At the Fall River Junction, we took the best unexpected detour possible. Rounding one corner we noted the signs warning of the elk rut. Then we spotted a massive bull elk lumbering across a short ridge, who quickly left our sight.

Around one more corner, we saw his destination, a trio of cow elk lounging by a pool on the Fall River. The bull elk moved into view faster than expected, congregating with the cows by the stream. As tourons surged toward the huge ungulates, an NPS ranger warned them back. “We got in trouble,” one of them said laughingly as he walked back. It made me wish he could have faced down the bull elk, which might have muted the laughter.

The mature male sported the regal crown of tined antlers that set elk apart from smaller ungulates. Female elk do not grow antlers, so the smaller elk lounging along the river that we assumed to be females were actually young males, called spikes due to their shorter, straight antlers. One spikes antlers still had bloody strands of velvety fur hanging off them in strands. Antlers contain blood vessels until they reach their growth limit and the elk rub them down to their bony cores.

As the bull arrived, the young males didn't flee but watched the bull's every move. As he grazed within 20 feet, they rose and stepped away slowly. The spikes gave the massive bull all the space he wanted to graze, his spot in the pecking order assured.


By following the Fall River Road exit, we avoided the congestion of Estes Park. We also received a glance at the Stanley Hotel, the park’s best-known resort hotel and Stephen King’s inspiration for the Overlook Hotel in The Shining.

What amazed me was how closely this second jaunt to Rocky Mountain National Park hewed to my first. In a few short hours we drove above the tree line on Trail Ridge Road and glimpsed the elk rut. Nancy and I might have to move to Colorado to hike deeper into those enormous tracts of wilderness in search of wildlife not easily seen from the road (moose, marmots, black bears).

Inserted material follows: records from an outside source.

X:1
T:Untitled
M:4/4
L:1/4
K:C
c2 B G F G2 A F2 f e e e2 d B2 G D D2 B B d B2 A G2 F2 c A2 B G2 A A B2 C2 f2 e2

A couple of turns through Estes Park and its reservoir dropped us into the soaring walls and boulder-covered floodplains of Big Thompson Canyon.

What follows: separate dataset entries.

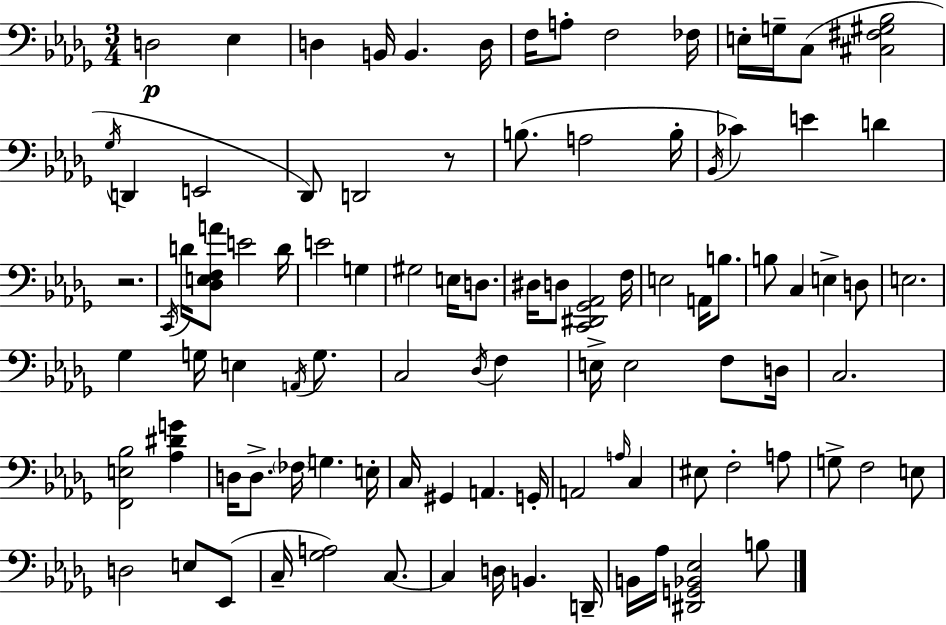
{
  \clef bass
  \numericTimeSignature
  \time 3/4
  \key bes \minor
  d2\p ees4 | d4 b,16 b,4. d16 | f16 a8-. f2 fes16 | e16-. g16-- c8( <cis fis gis bes>2 | \break \acciaccatura { ges16 } d,4 e,2 | des,8) d,2 r8 | b8.( a2 | b16-. \acciaccatura { bes,16 } ces'4) e'4 d'4 | \break r2. | \acciaccatura { c,16 } d'16 <des e f a'>8 e'2 | d'16 e'2 g4 | gis2 e16 | \break d8. dis16 d8 <c, dis, ges, aes,>2 | f16 e2 a,16 | b8. b8 c4 e4-> | d8 e2. | \break ges4 g16 e4 | \acciaccatura { a,16 } g8. c2 | \acciaccatura { des16 } f4 e16-> e2 | f8 d16 c2. | \break <f, e bes>2 | <aes dis' g'>4 d16 d8.-> \parenthesize fes16 g4. | e16-. c16 gis,4 a,4. | g,16-. a,2 | \break \grace { a16 } c4 eis8 f2-. | a8 g8-> f2 | e8 d2 | e8 ees,8( c16-- <ges a>2) | \break c8.~~ c4 d16 b,4. | d,16-- b,16 aes16 <dis, g, bes, ees>2 | b8 \bar "|."
}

Despite the beauty of this terrain, the canyon was the scene of Colorado’s worst modern natural disaster. With a canyon swarming with campers for Colorado’s centennial celebration in 1976, an unprecedented deluge of rain fell on the 31st, flooding the canyon.
 
A wave of water killed 144 people, five never recovered. Although freak storms that dump enough rainfall to equal the area’s annual average are rarities, evidence of the 2013 flood still arises all across the canyon. In a few hours, the briskly flowing waters can turn deadly. Signs that warn motorists to move to higher elevation in event of flooding speak to a lesson learned painfully.

More yellow signs warned of wildlife. A “watch for wildlife” zone encompasses the entirety of Estes Park and Big Thompson Canyon. After the elk, I expected little until we reached the flatlands and spotted more hungry hawks on the telephone wires.

Then Nancy pointed and motioned for me to look. I had no idea what to look for. Around a soft bend with a pulloff and easy river access, cars slowed rapidly. We joined an old-fashioned wildlife jam. Nancy pointed to the canyon wall as my eyes struggled to focus. But there they were. My eyes adjusted and spotted several creatures grazing in perfect camouflage among the canyon foliage.

The largest of the eight bighorn sheep stood on the road apron, seemingly ready to lead the others across the safety. As long as the cars linger, the sheep eyed them warily. This little herd was all females and young sheep; no rams with their massive curled horns appeared in the canyon. The eight sheep stood on a hillside that rose with an intimidating grade, no challenge for a species that can inch along walls that rise almost vertically.

As we moved on, the sheep stayed patient, biding their time till they could safely cross the pavement and drink from the Big Thompson.